WHAT YOU WILL DO: The output should be the listing below, limited to the lines from the one with "Quần legging bé" through the one with "RESIN CHILDREN COUPLE", exact and without pictures.
==== RECORDS FOR THIS EXERCISE
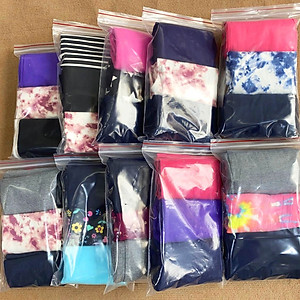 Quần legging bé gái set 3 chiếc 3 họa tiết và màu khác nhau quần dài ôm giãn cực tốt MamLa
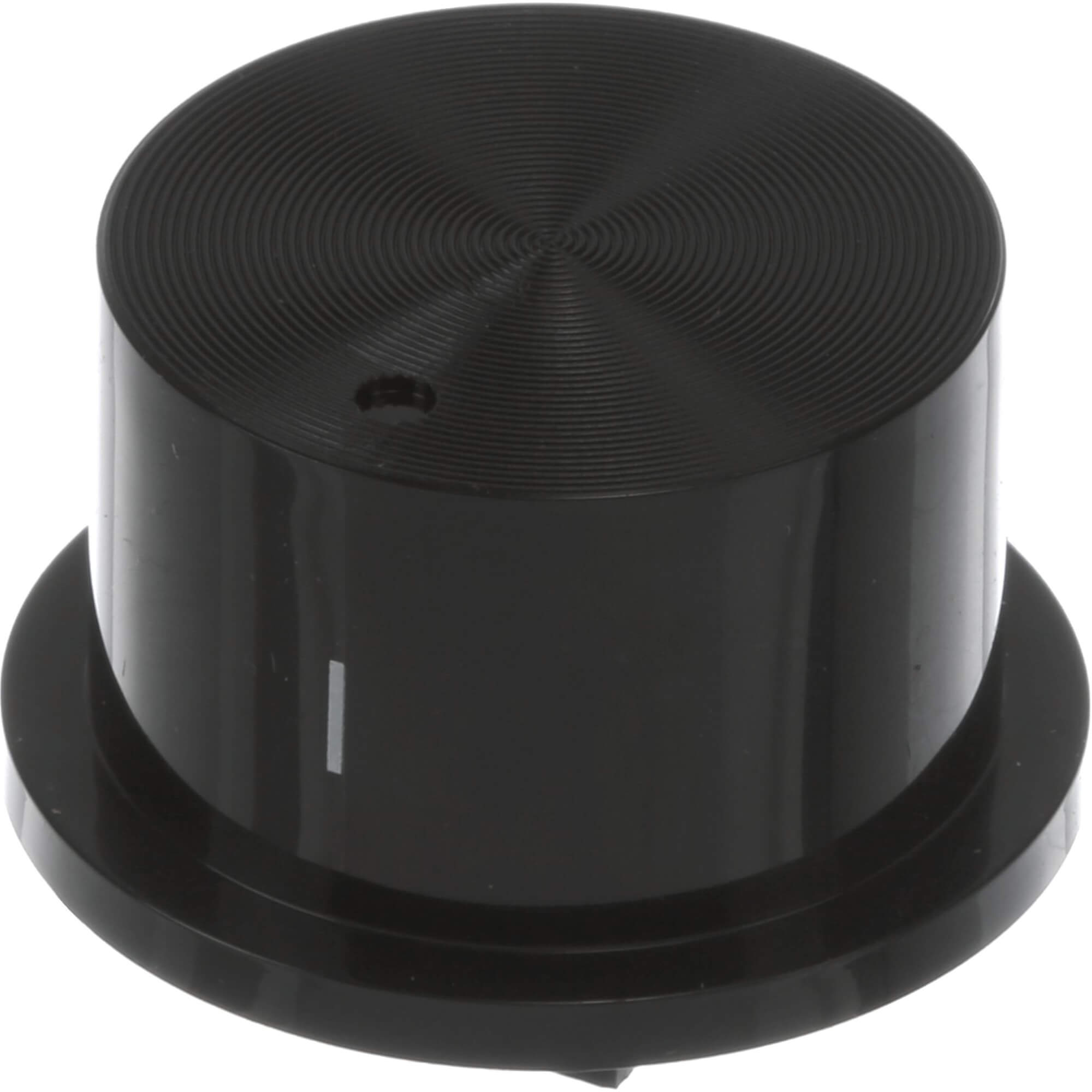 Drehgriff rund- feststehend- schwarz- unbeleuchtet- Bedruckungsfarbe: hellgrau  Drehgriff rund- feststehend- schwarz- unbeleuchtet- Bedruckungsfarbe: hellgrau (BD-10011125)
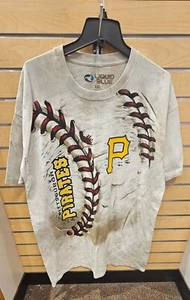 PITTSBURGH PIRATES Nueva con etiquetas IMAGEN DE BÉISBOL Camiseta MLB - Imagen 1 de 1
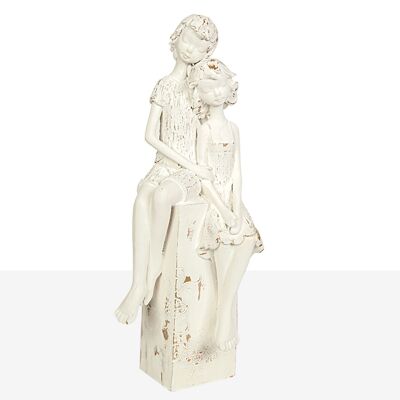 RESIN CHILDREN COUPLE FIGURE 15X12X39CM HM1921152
========
==== RECORDS FOR THIS EXERCISE
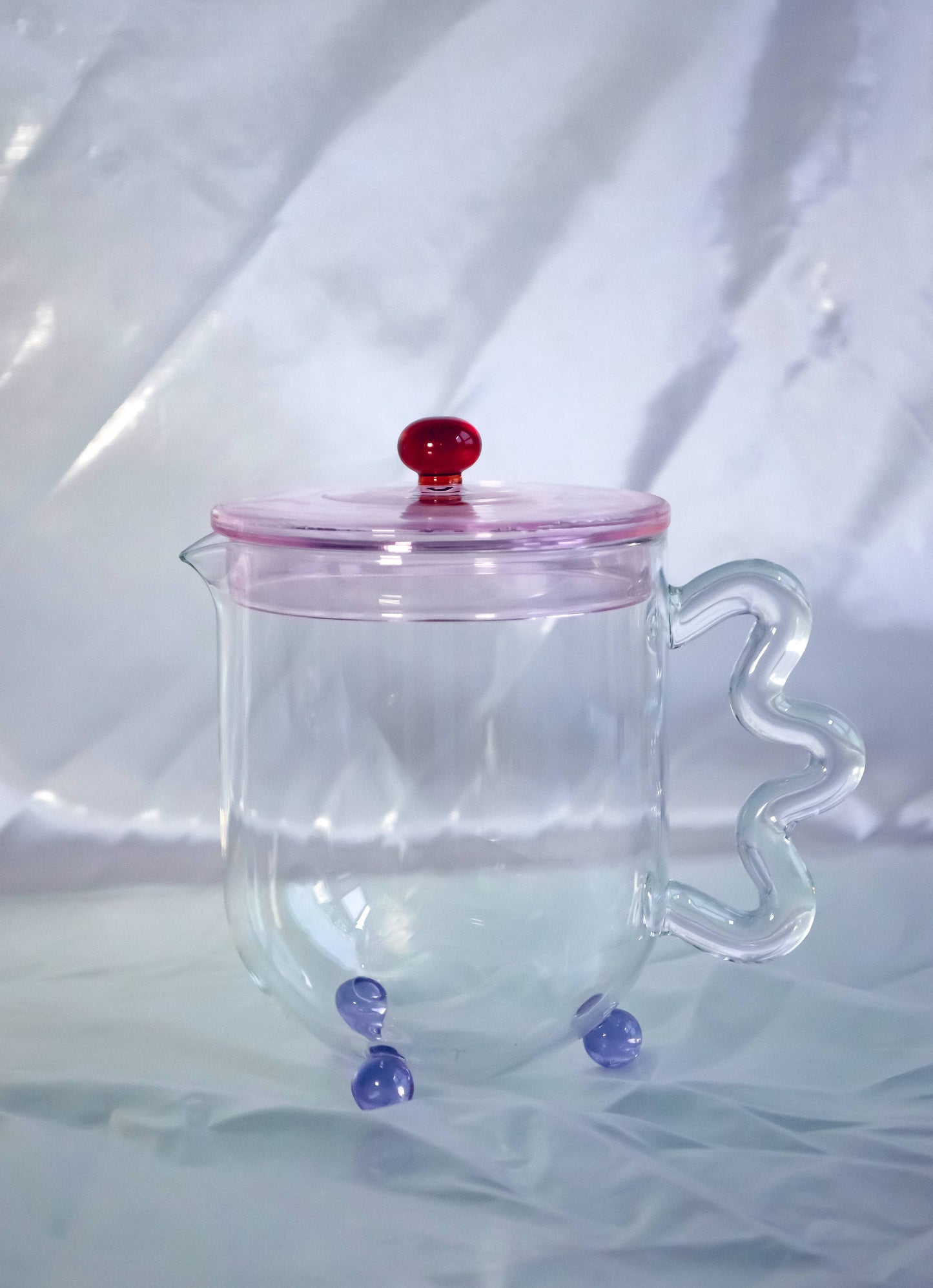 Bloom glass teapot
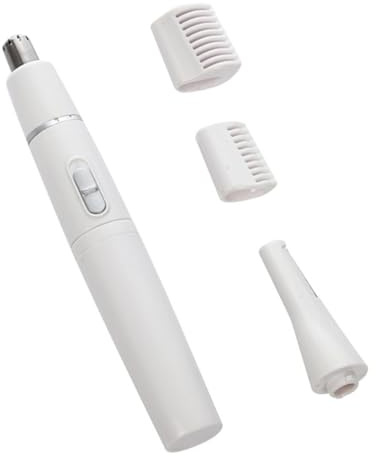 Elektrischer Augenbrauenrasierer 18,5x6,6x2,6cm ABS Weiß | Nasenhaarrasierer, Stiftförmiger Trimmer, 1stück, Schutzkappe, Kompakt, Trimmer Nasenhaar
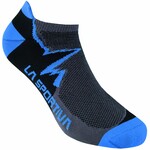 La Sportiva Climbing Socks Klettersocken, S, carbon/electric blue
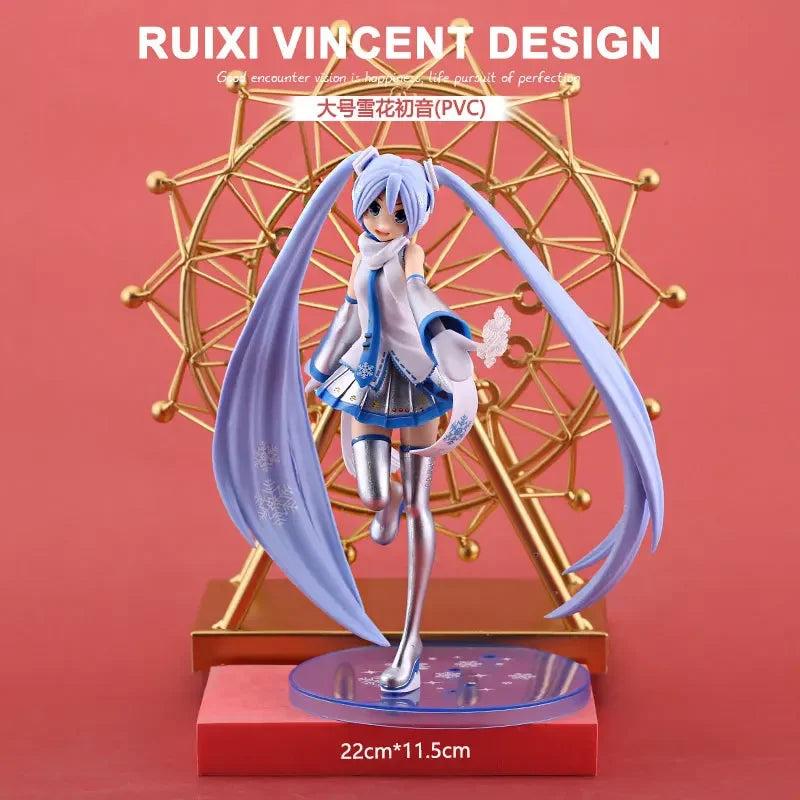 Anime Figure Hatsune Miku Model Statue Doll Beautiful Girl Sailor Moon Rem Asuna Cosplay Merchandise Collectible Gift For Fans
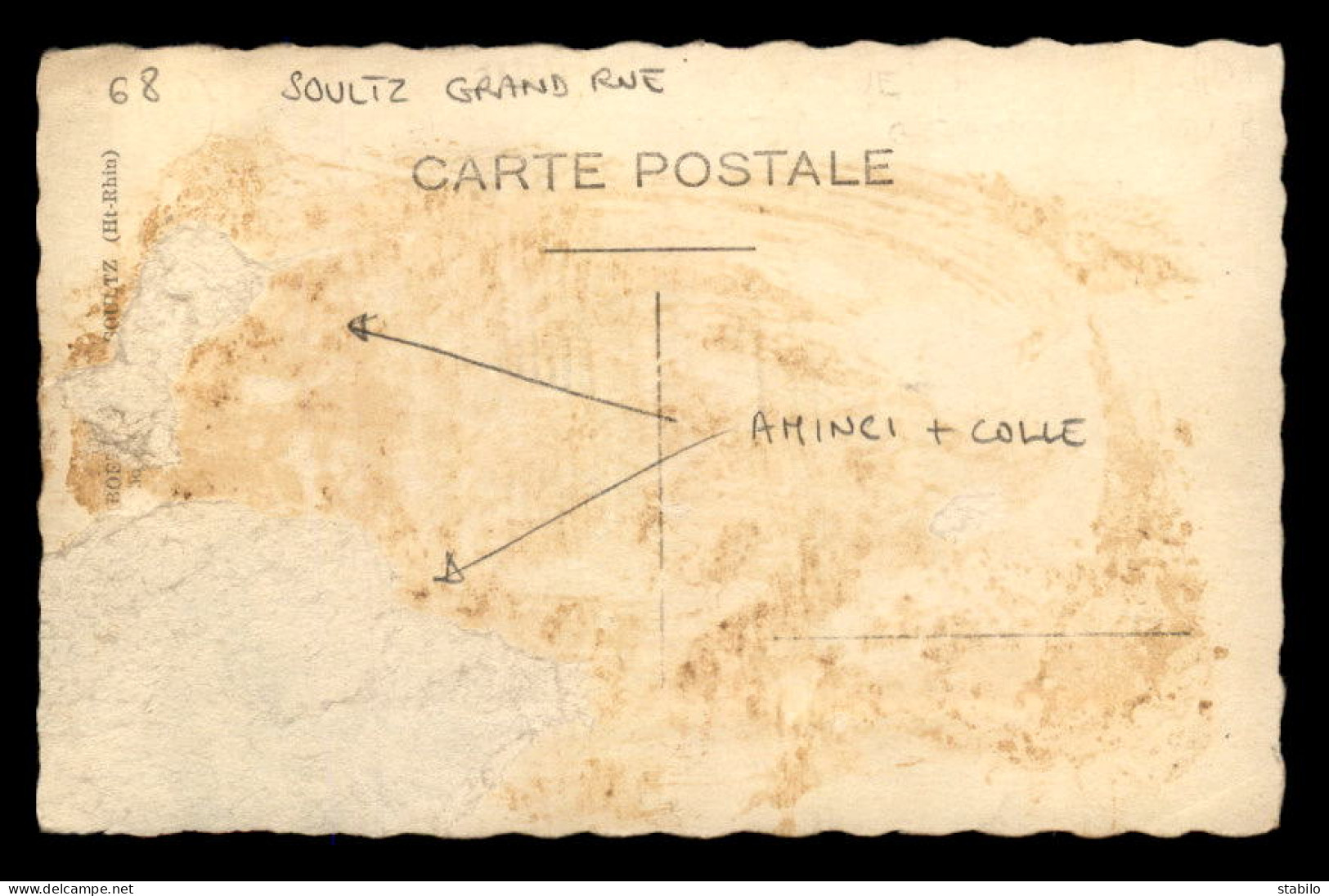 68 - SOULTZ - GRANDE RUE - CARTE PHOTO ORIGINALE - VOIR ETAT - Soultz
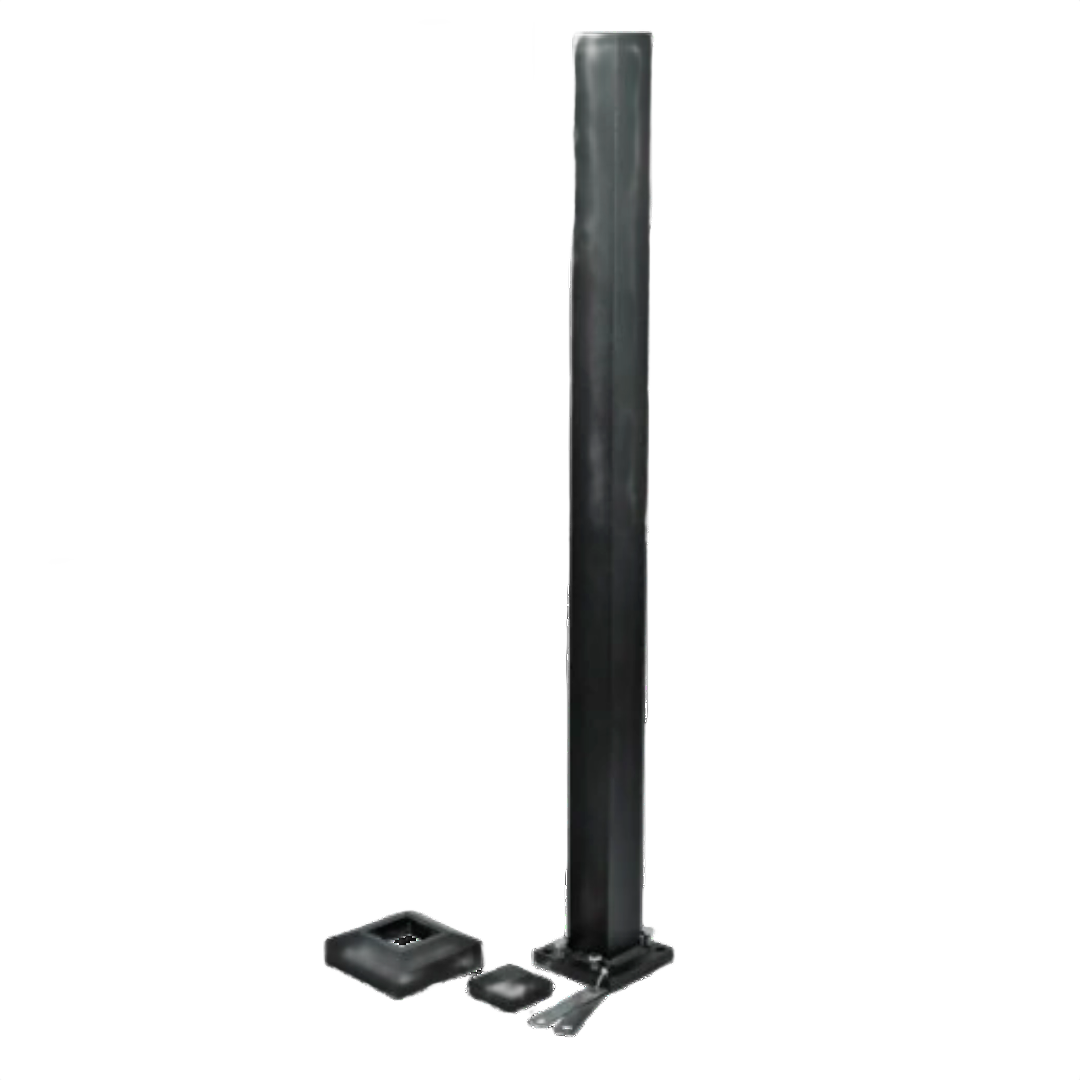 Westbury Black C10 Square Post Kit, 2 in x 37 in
========
YOUR RESPONSE:
 Quần legging bé gái set 3 chiếc 3 họa tiết và màu khác nhau quần dài ôm giãn cực tốt MamLa
 Drehgriff rund- feststehend- schwarz- unbeleuchtet- Bedruckungsfarbe: hellgrau  Drehgriff rund- feststehend- schwarz- unbeleuchtet- Bedruckungsfarbe: hellgrau (BD-10011125)
 PITTSBURGH PIRATES Nueva con etiquetas IMAGEN DE BÉISBOL Camiseta MLB - Imagen 1 de 1
 RESIN CHILDREN COUPLE FIGURE 15X12X39CM HM1921152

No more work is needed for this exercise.